[[ INPUT MATERIAL open ]]

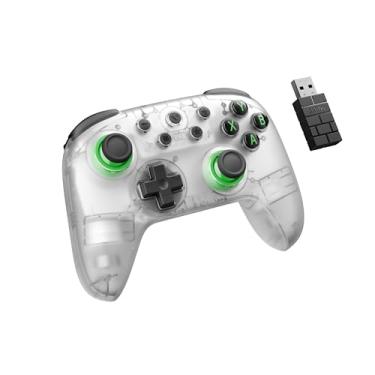 Imagem de VITURE × 8BitDo Ultimate 2C 3-Mode Wireless Gaming Controller for Neckband, Xbox, Android & Windows | Hall Effect Joysticks | Linear Triggers | L4/R4 Mapping | Wired, Bluetooth & 2.4G Low-Latency
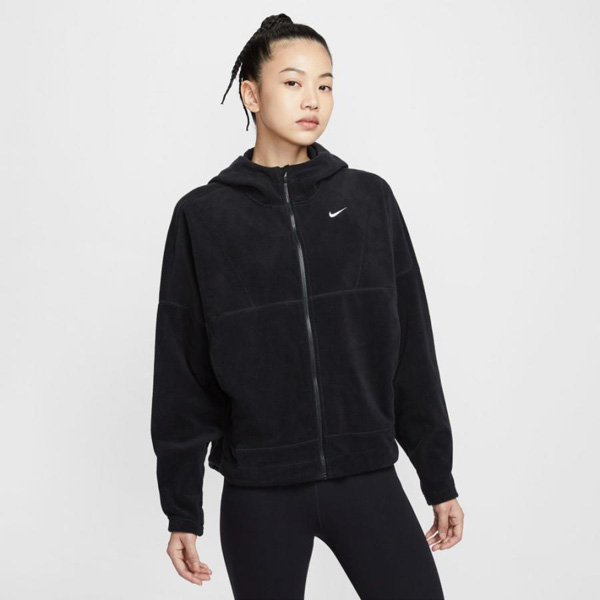 【SALE】ナイキ ウィメンズ Therma-FIT フルジップ トップ （ HV3699-010 ）[ Nike LSWP レディース ]25FW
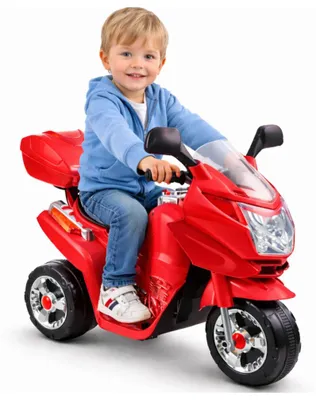 Image de Moto pour enfants rechargeable HC8051 rouge - Véhicule électrique pour enfants
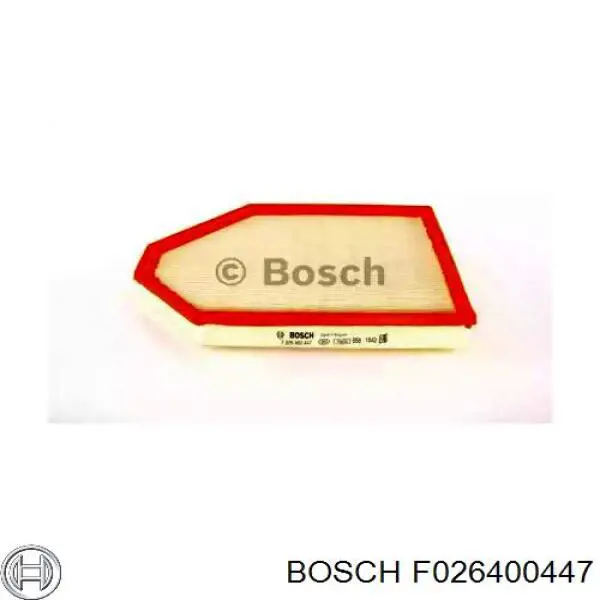 F026400447 Bosch filtro de aire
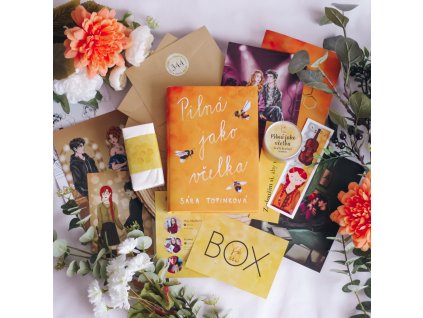 YA čtu box #2.75 (Pilná jako včelka)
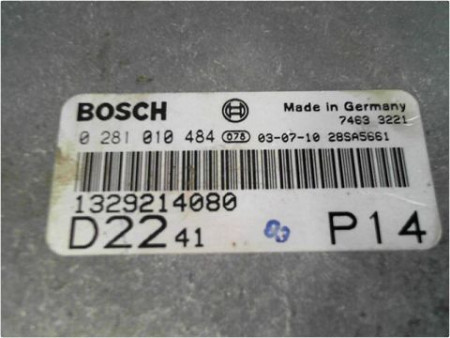 CALCULATEUR MOTEUR PEUGEOT BOXER 290CS TOLE 02-2006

[[ INPUT MATERIAL closed ]]

## YOUR GOAL
Set down each line of the material exactly and skip every image.

## TASK RESULT
 Imagem de VITURE × 8BitDo Ultimate 2C 3-Mode Wireless Gaming Controller for Neckband, Xbox, Android & Windows | Hall Effect Joysticks | Linear Triggers | L4/R4 Mapping | Wired, Bluetooth & 2.4G Low-Latency
 【SALE】ナイキ ウィメンズ Therma-FIT フルジップ トップ （ HV3699-010 ）[ Nike LSWP レディース ]25FW
 Image de Moto pour enfants rechargeable HC8051 rouge - Véhicule électrique pour enfants
 F026400447 Bosch filtro de aire
 YA čtu box #2.75 (Pilná jako včelka)
 CALCULATEUR MOTEUR PEUGEOT BOXER 290CS TOLE 02-2006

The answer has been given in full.